What is needed:
Please repeat the lines below exactly. Begin with the line containing "ABB PM866A 3BSE076359R1" and go on through the line containing "FIAT PULSE ABARTH 270".

Listed records:

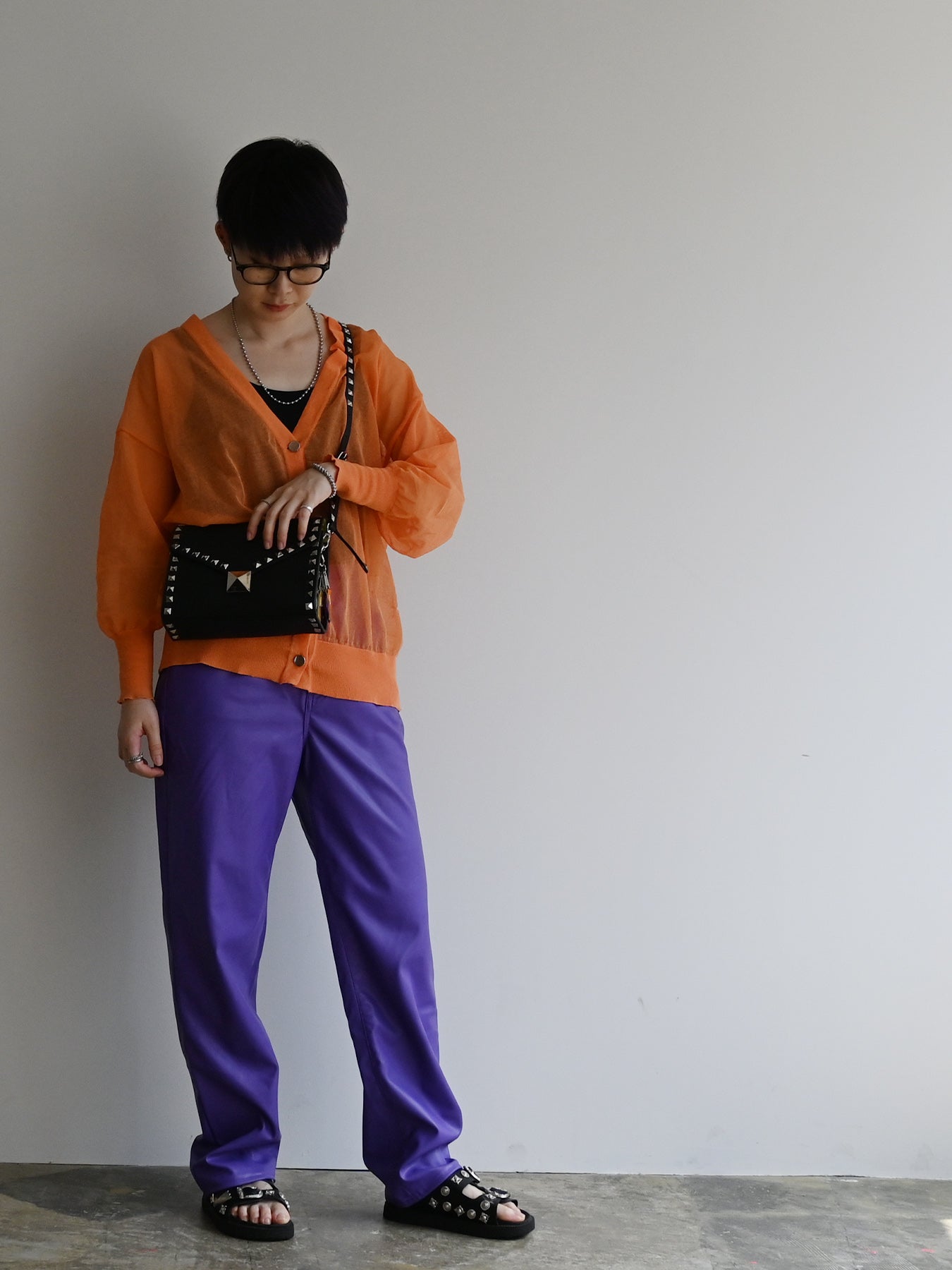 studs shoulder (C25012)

* * *

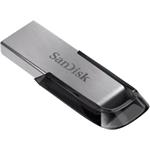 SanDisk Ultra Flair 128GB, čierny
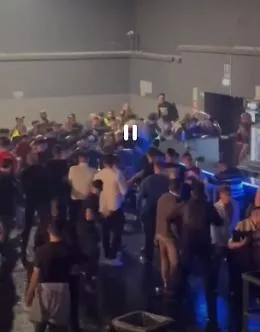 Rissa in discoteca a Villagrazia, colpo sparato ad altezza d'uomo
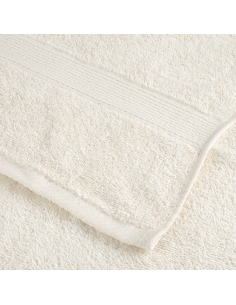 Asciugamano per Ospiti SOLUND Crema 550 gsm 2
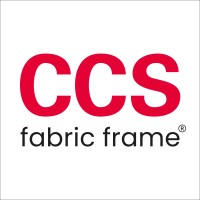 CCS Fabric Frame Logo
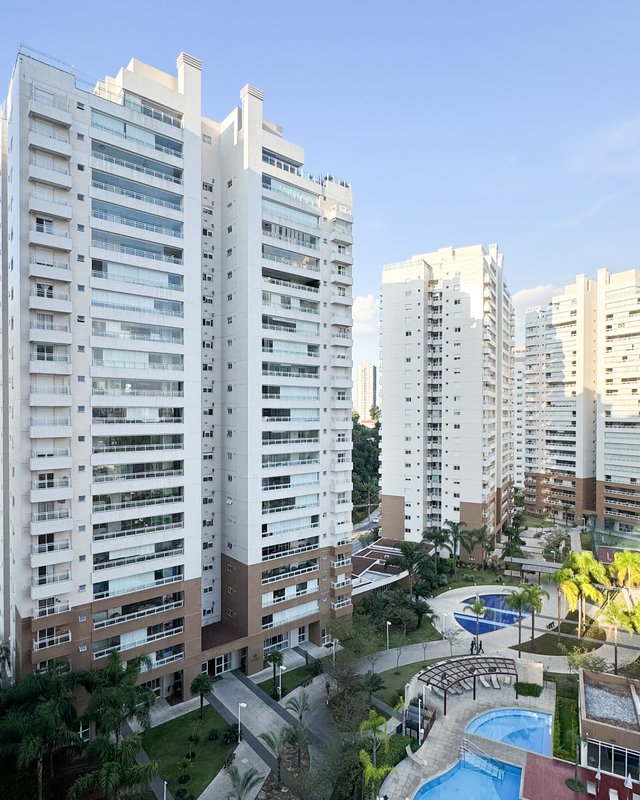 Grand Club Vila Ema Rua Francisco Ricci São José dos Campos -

---

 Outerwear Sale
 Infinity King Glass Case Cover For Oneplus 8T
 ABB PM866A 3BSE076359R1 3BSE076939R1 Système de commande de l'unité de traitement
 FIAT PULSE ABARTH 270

Answer to the problem:
 ABB PM866A 3BSE076359R1 3BSE076939R1 Système de commande de l'unité de traitement
 FIAT PULSE ABARTH 270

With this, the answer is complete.